Strongman: This is far from the first time Trump has asserted arbitrary power over business decisions. Think tariffs, tax carveouts for certain industries, and his attacks on individual firms that he views as rebellious or insufficiently obedient.
Few Byrds With One Stone: The Senate parliamentarian has removed several controversial parts of the “Big Beautiful Bill” finding them in violation of the so-called Byrd Rule. Among the provisions that will be removed: defunding the Consumer Financial Protection Bureau and Office of Financial Research; reducing the pay of Federal Reserve staff; eliminating the Public Company Accounting Oversight Board; and the repeal of vehicle emissions standards set by the Inflation Reduction Act.
More to Come: The parliamentarian has yet to decide if several other controversial provisions will remain in the bill. These include defunding Planned Parenthood; putting a 10 year moratorium on new regulations for AI; and a provision that would protect Trump officials from contempt findings in court.
What’s Next: Under the Byrd Rule, only matters directly related to the budget may be included in certain budget bills. The parliamentarian rules on whether specific provisions meet that test. Republicans could technically force the nixed provisions through with 60 votes, but that would require Democratic votes — so once nixed, the items are out.
Cut Confirmed: House Republicans voted to confirm $9.4 billion in DOGE cuts to foreign aid and public broadcasting, making these reductions permanent. The measure seemed set to fail, but at the last minute House Speaker Mike Johnson (R-LA) pulled a couple moderate Republicans aside and convinced them to vote yes. What exactly he promised them is unclear, but is likely related to state and local tax breaks in the “Big Beautiful Bill.”
Real Cost: The $9.4 billion figure includes funds for USAID. You can read more about what USAID does here and the impacts of the administration’s attack on it here. To add yet another, more recent example to the list: Cuts to foreign aid have caused food rations to be halved in one of Africa’s largest refugee camps, which houses some 300,000 refugees.

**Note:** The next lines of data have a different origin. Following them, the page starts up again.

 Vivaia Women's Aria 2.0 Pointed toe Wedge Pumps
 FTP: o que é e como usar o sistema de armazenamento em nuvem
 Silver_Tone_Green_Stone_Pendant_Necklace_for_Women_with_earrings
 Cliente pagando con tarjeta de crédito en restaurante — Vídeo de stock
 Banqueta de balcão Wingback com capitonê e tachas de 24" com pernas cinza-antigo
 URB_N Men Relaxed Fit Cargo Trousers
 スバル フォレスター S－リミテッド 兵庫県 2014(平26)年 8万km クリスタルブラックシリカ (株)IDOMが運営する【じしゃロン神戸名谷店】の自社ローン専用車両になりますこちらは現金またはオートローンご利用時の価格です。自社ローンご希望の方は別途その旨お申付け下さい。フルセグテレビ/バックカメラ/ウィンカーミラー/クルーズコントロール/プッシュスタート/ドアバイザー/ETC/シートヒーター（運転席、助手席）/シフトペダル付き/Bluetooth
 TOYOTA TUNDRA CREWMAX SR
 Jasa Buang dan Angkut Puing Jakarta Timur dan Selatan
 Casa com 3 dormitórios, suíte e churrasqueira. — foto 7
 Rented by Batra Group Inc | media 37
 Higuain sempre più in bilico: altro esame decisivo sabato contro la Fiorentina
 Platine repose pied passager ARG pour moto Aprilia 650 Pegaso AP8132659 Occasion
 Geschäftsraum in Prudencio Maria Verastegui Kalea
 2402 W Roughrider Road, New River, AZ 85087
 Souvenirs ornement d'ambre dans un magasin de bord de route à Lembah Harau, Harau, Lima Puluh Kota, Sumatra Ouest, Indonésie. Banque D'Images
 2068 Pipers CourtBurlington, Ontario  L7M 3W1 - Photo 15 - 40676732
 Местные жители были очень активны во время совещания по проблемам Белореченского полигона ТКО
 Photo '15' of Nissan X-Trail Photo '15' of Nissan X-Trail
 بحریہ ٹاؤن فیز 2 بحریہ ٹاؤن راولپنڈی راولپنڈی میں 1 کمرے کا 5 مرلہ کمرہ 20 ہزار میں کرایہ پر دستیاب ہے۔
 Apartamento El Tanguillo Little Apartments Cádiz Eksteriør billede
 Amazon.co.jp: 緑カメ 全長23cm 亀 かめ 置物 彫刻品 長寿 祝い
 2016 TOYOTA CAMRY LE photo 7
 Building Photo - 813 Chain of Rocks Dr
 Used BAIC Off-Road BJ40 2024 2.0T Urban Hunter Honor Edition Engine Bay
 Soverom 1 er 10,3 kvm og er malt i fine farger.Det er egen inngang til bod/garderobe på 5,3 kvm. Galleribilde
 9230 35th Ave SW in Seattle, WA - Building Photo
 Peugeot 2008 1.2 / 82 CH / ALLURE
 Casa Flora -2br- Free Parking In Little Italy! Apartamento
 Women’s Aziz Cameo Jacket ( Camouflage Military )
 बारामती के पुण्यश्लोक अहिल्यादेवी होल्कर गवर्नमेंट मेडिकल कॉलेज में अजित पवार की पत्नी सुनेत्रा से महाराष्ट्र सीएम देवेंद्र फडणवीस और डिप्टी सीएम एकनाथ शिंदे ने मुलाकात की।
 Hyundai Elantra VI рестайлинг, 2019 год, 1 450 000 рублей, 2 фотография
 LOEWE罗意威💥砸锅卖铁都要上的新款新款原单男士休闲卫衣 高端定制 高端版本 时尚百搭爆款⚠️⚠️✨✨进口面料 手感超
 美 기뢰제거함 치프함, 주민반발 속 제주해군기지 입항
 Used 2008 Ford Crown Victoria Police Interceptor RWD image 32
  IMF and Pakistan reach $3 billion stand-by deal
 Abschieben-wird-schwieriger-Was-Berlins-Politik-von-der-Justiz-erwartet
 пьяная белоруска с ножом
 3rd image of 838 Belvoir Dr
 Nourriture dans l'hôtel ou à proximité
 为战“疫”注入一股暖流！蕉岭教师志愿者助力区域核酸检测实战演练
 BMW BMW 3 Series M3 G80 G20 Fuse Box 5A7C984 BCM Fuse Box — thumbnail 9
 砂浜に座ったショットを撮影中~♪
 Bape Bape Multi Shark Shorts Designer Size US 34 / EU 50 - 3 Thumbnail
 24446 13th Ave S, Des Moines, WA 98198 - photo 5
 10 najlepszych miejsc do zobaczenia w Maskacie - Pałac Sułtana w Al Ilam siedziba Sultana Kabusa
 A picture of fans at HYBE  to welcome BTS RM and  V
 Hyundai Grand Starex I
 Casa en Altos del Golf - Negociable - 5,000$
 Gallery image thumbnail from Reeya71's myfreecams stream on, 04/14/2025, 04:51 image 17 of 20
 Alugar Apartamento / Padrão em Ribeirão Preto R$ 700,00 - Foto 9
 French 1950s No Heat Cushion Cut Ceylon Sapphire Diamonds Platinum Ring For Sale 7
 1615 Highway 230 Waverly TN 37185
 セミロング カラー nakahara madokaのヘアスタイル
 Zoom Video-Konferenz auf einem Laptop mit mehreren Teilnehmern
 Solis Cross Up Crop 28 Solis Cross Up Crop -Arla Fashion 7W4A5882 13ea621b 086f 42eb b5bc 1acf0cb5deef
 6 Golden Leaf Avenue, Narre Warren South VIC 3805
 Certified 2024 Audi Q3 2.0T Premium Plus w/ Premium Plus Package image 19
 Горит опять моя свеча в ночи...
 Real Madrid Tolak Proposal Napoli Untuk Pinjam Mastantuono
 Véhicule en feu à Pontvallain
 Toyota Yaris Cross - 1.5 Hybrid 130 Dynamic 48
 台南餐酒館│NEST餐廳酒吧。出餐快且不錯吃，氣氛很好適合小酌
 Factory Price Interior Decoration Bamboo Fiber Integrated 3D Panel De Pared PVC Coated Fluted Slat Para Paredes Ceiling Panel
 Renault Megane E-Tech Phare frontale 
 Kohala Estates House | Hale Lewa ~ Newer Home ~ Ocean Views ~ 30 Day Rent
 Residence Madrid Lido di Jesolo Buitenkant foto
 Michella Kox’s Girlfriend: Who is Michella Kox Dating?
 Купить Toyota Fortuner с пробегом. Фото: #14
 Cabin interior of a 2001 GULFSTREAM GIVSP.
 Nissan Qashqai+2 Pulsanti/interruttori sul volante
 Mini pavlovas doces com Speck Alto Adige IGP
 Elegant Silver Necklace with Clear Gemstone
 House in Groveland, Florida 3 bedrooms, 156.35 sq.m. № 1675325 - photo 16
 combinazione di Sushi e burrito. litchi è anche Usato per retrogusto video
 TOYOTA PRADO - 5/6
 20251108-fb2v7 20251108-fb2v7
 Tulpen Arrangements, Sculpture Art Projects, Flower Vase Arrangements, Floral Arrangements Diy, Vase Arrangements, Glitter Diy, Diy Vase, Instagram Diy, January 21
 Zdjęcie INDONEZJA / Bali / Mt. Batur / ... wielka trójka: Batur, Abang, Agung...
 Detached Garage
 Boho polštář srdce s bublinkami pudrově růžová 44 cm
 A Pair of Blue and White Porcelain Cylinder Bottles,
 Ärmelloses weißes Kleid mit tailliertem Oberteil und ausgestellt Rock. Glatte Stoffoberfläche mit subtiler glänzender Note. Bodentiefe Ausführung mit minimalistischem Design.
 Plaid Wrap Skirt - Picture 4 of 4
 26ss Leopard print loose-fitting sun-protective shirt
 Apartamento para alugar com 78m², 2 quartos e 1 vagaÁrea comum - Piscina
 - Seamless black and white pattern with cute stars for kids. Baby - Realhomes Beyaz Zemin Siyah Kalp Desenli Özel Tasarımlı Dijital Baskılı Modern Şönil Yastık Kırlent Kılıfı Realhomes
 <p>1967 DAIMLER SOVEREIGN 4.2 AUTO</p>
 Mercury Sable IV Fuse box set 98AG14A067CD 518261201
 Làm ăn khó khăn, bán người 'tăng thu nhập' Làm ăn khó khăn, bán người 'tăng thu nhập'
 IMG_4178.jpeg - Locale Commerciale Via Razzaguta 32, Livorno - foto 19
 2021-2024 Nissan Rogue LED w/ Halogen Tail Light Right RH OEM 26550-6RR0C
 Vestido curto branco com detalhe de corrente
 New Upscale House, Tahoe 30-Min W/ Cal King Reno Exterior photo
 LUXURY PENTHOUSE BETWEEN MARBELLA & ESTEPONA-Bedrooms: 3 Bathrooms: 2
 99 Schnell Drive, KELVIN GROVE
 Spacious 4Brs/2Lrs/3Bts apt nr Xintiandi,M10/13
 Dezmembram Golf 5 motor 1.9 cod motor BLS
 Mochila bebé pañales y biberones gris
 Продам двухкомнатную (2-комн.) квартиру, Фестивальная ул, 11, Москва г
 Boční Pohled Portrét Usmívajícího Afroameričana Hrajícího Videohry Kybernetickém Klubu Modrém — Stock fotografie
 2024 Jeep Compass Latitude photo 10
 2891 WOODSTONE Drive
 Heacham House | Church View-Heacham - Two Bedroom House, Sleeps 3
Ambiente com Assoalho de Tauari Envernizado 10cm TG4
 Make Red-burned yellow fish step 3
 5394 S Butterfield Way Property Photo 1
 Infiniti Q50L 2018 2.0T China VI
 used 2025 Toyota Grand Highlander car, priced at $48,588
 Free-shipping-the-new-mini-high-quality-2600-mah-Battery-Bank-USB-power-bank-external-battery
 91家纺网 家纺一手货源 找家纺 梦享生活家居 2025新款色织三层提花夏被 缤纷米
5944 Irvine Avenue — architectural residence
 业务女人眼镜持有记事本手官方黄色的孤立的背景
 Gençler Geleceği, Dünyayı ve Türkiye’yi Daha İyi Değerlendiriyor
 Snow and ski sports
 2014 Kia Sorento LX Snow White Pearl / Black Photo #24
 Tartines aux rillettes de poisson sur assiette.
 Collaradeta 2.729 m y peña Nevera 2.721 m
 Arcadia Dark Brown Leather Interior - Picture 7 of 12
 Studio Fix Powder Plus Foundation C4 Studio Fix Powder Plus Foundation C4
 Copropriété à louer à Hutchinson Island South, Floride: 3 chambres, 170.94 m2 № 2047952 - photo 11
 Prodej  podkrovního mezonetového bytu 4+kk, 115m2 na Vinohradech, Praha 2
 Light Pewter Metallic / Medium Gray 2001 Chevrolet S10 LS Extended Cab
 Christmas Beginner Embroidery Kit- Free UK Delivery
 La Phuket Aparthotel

Context: Remember, DOGE cut money approved by Congress. DOGE lacked the authority to rescind the spending. So this vote gives Congressional approval to DOGE’s efforts to claw back the funding. It’s a rarely used tool called “rescissions.” Lawmakers will need to vote on similar rescissions packages to confirm other DOGE cuts.
Size Matters: For context, Elon Musk and DOGE originally promised $1 trillion in cuts this year. This package is 0.94% of that.
What’s Next: The Senate needs to vote for the rescissions package by July 18 at the latest. They likely won’t get to it until after the “Big Beautiful Bill” is dealt with. And some Senate Republicans are unsure. Sen. Susan Collins (R-ME), for example, said that she’s “made it very clear that I do not like the cuts in the global health programs.”
Two Weeks To Midnight: Trump will decide whether to go to war with Iran “within two weeks,” the White House said yesterday. Why the delay? The White House says that’s because officials believe “there is a chance for substantial negotiations” with Iran. Second, the administration is worried a military engagement could lead to another forever war in the Middle East. Third, officials are unsure whether strikes would actually destroy Iran’s nuclear enrichment capacity. (Some experts argue it would only set the program back by a couple years.)